━━━ PROVIDED ENTRIES

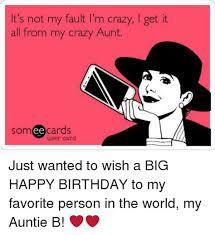 Aunt Birthday Memes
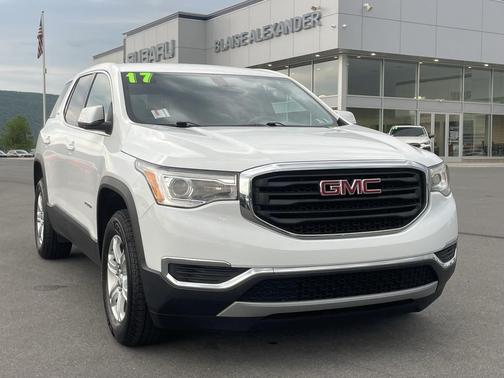 Summit White 2017 GMC Acadia SLE-1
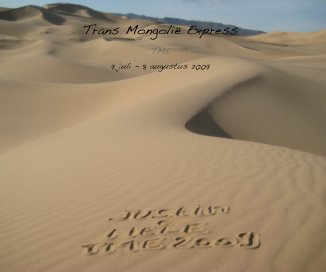 Trans MongoliÃ« Express book cover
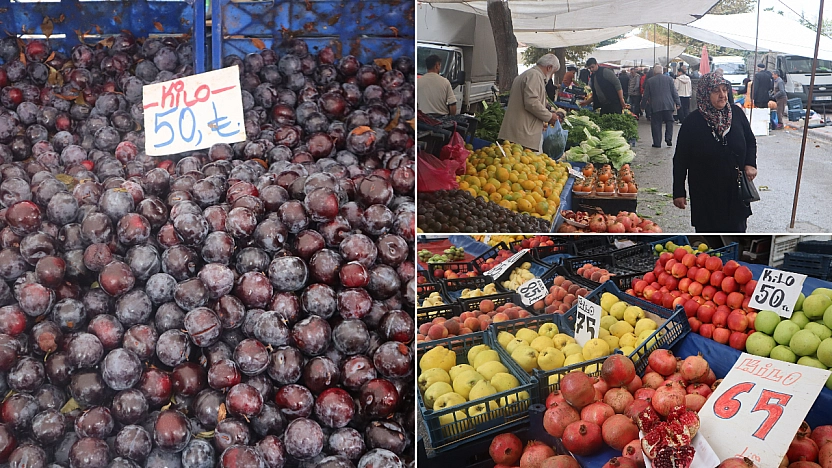 Malatya'da pazar fiyatları cep yakıyor: İyisi 75, kötüsü 25 lira!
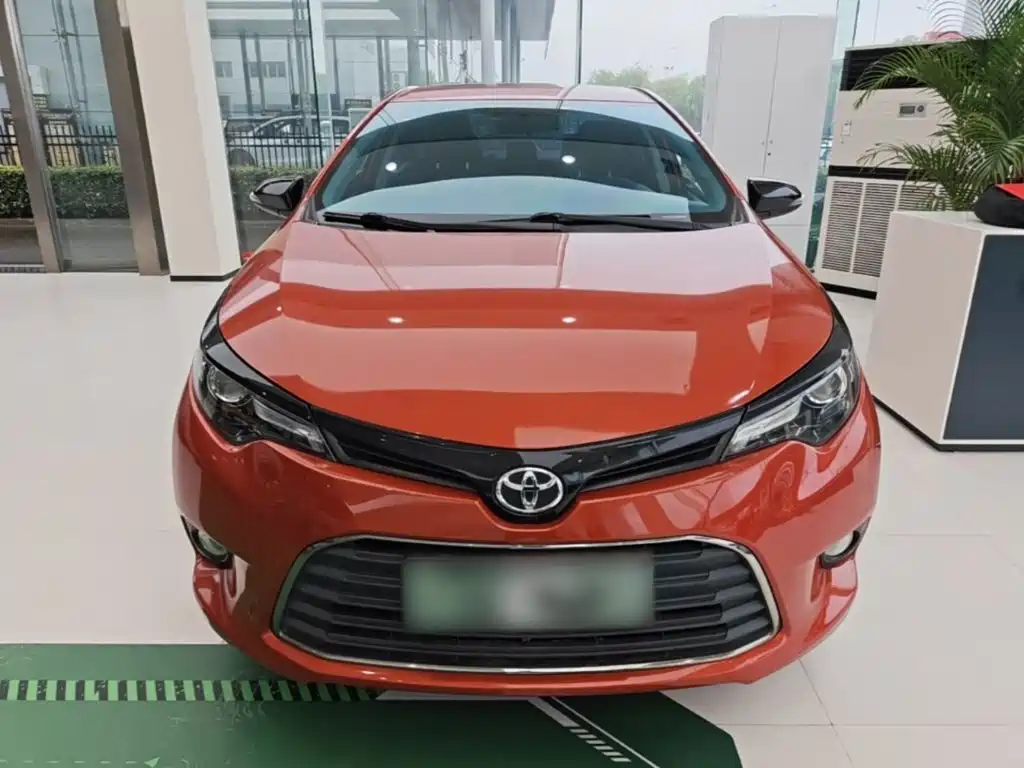 Toyota Levin 2015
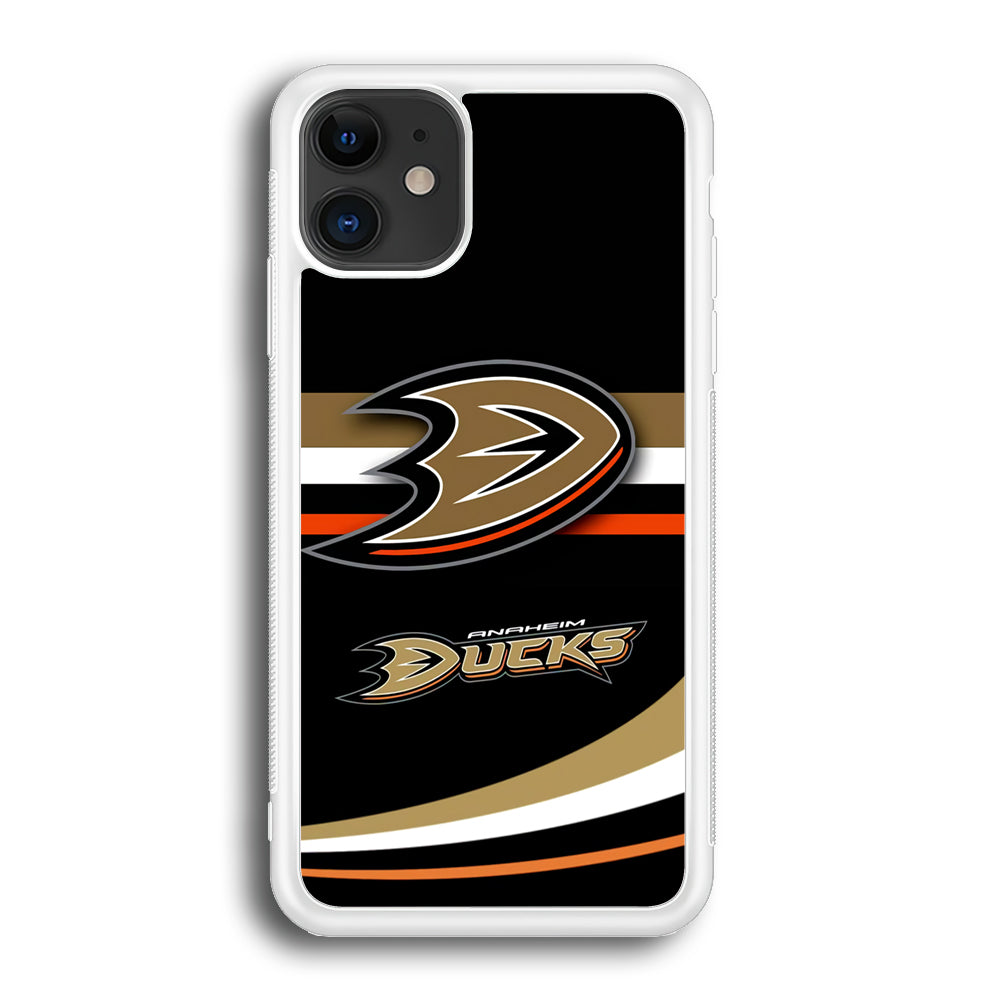 Hockey Anaheim Ducks NHL 002 iPhone 12 Mini Case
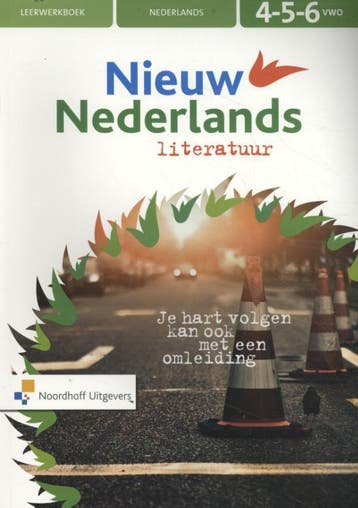 4-5-6 vwo / Nieuw Nederlands / leerwerkboek - Hans Frank, Boeken, Verzenden, Gelezen, Hans Frank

━━━━━━

EXERCISE -> Starting at the line that contains "Malatya'da pazar fiyatları" and ending with the last line of the data, transcribe every line exactly; skip the pictures.

TASK RESULT ->
 Malatya'da pazar fiyatları cep yakıyor: İyisi 75, kötüsü 25 lira!
 Toyota Levin 2015
 Hockey Anaheim Ducks NHL 002 iPhone 12 Mini Case
 4-5-6 vwo / Nieuw Nederlands / leerwerkboek - Hans Frank, Boeken, Verzenden, Gelezen, Hans Frank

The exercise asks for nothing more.